**PROBLEM DESCRIPTION**
The line with "TENNIS MINNIE MOUSSE" marks where to begin; print it and all lines after it in the material below exactly, skipping pictures.
━━ SOURCE DATA ━━
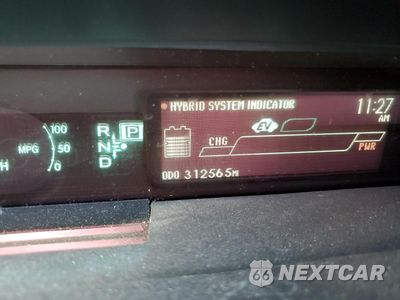 Zdjęcie 9 z 12 samochodu: 2014 TOYOTA PRIUS VIN:JTDKN3DU9E0361713 - miniatura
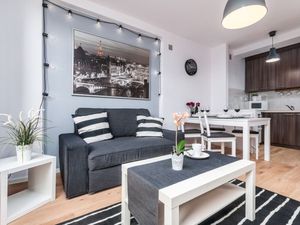 Ferienwohnung für 4 Personen (37 m²) in Warschau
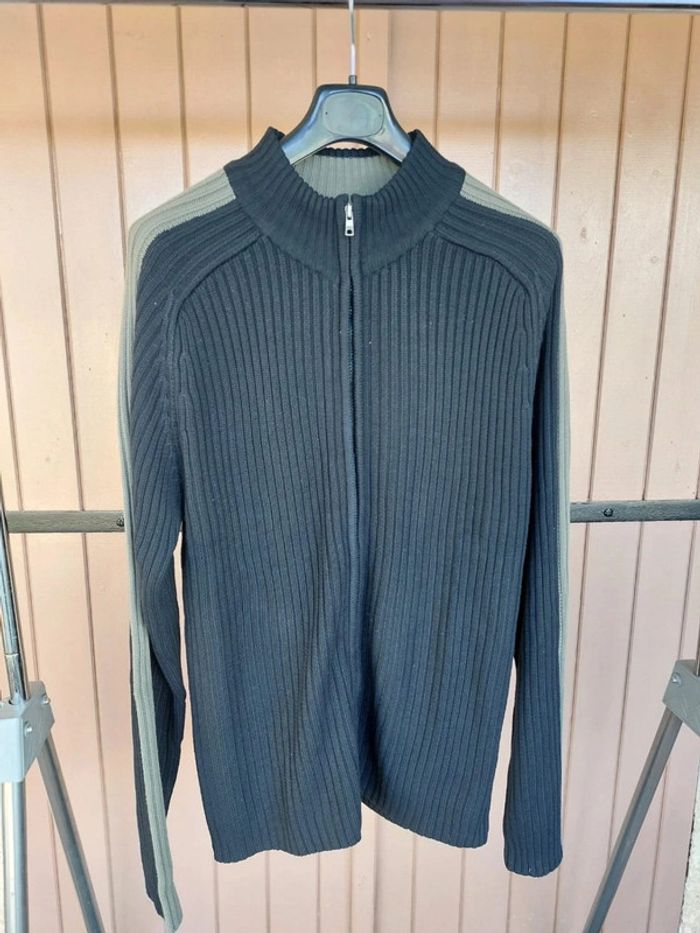 Gilet / Cardigan XXL La Redoute Essentiel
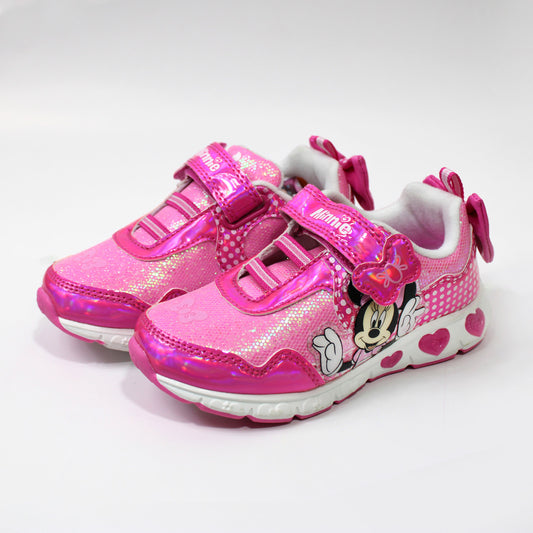 TENNIS MINNIE MOUSSE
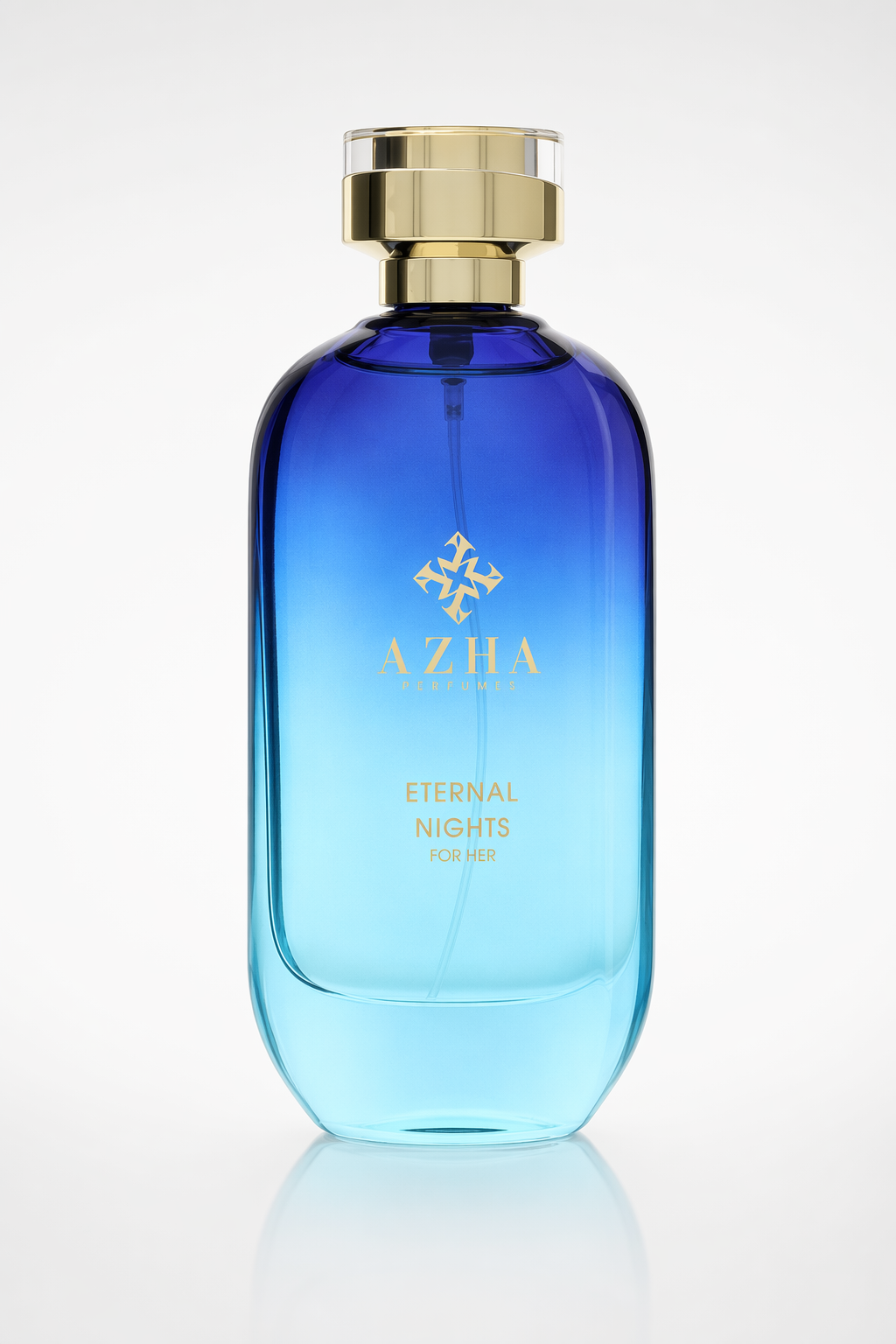 Azha Eternal Nights Eau De Parfum Spray By Azha Default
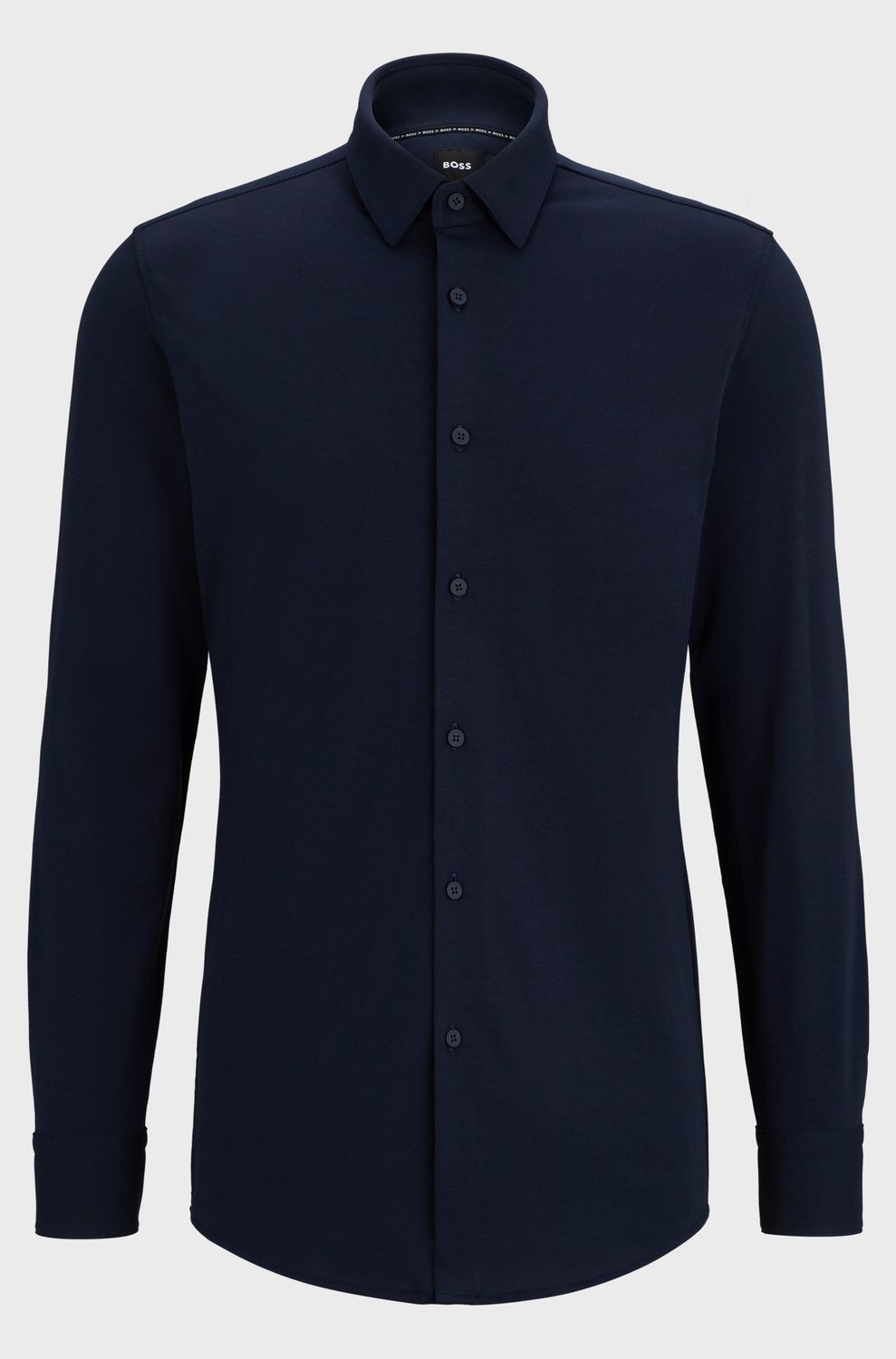 BOSS Black P-Hank Overhemd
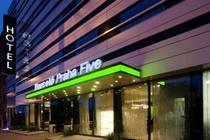 Occidental Five 4*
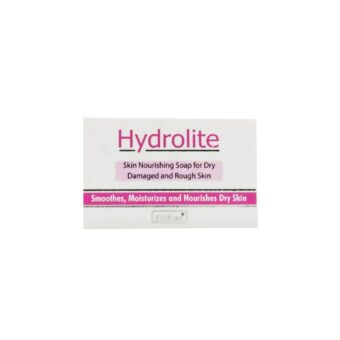 HYDROLITE DRY SOAP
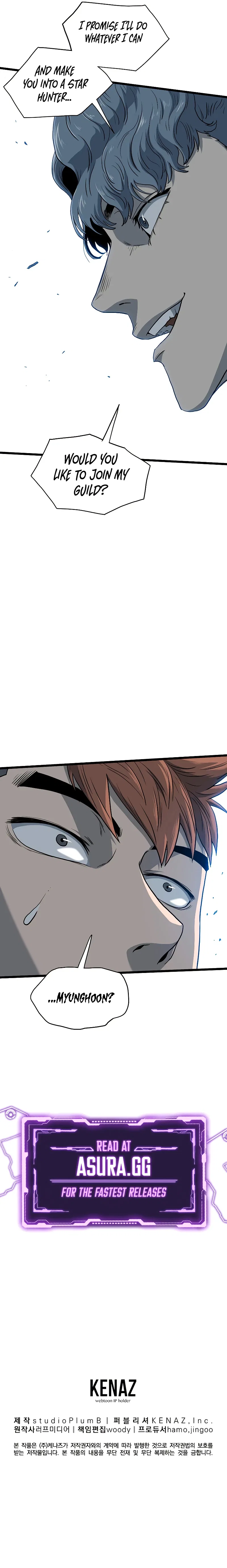 Murim Login Chapter 138 – Page 13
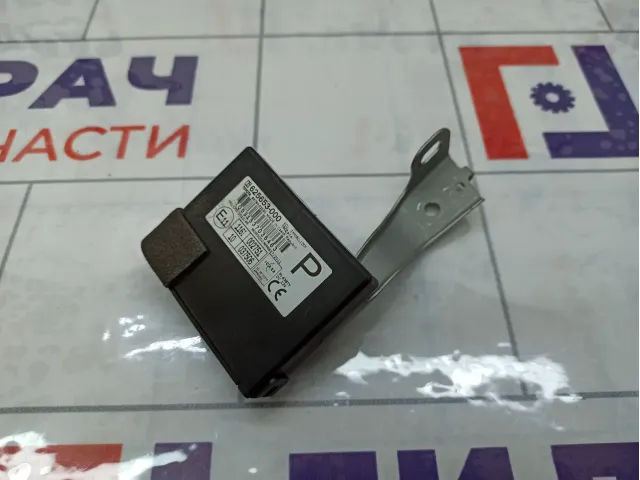 Блок электронный Toyota Corolla 8978002150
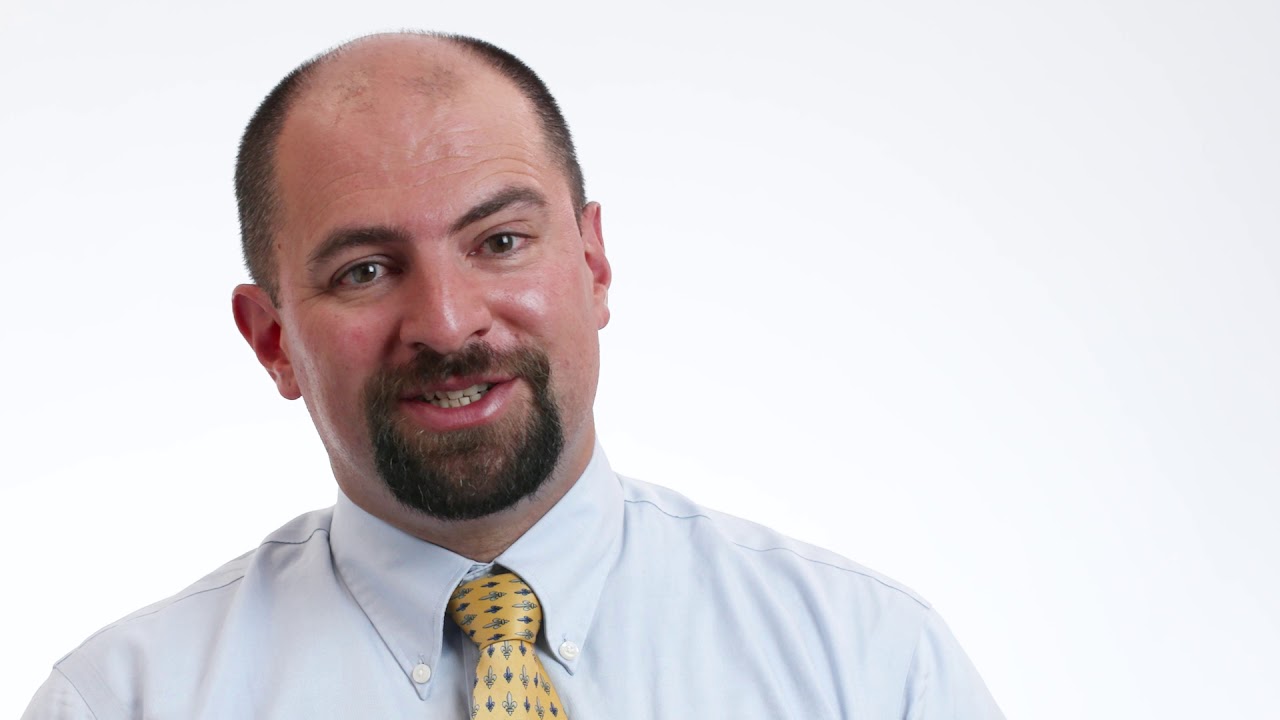 Ilya Iofan, MD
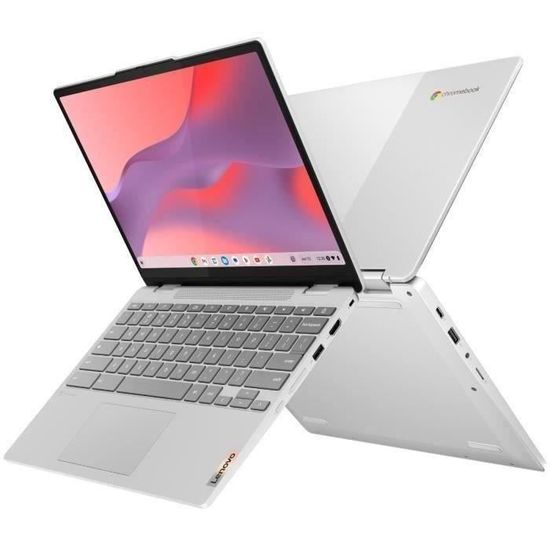 2x Antiriflesso Pellicola Protettiva Opaca Per Lenovo IdeaPad Flex 3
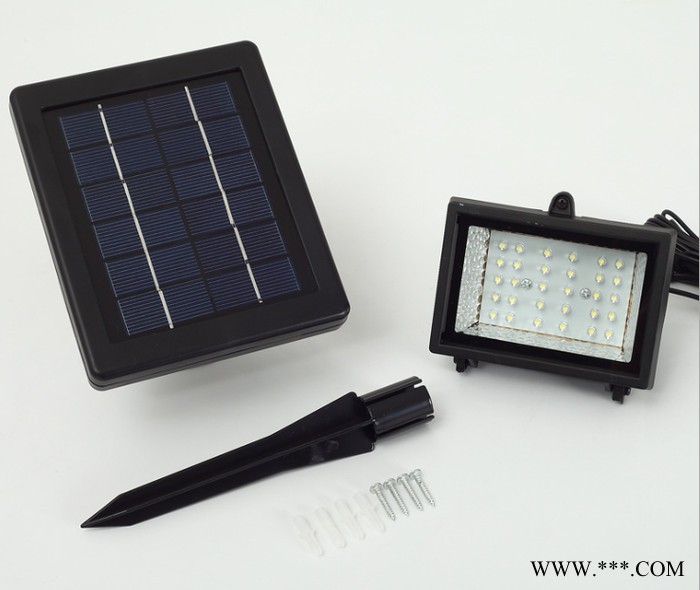 木大精工MD-701（30LED）太阳能灯图3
━━━
**SOLUTION FOR THIS TASK**
 TENNIS MINNIE MOUSSE
 Azha Eternal Nights Eau De Parfum Spray By Azha Default
 BOSS Black P-Hank Overhemd
 Occidental Five 4*
 HYDROLITE DRY SOAP
 Murim Login Chapter 138 – Page 13
 Блок электронный Toyota Corolla 8978002150
 Ilya Iofan, MD
 2x Antiriflesso Pellicola Protettiva Opaca Per Lenovo IdeaPad Flex 3
 木大精工MD-701（30LED）太阳能灯图3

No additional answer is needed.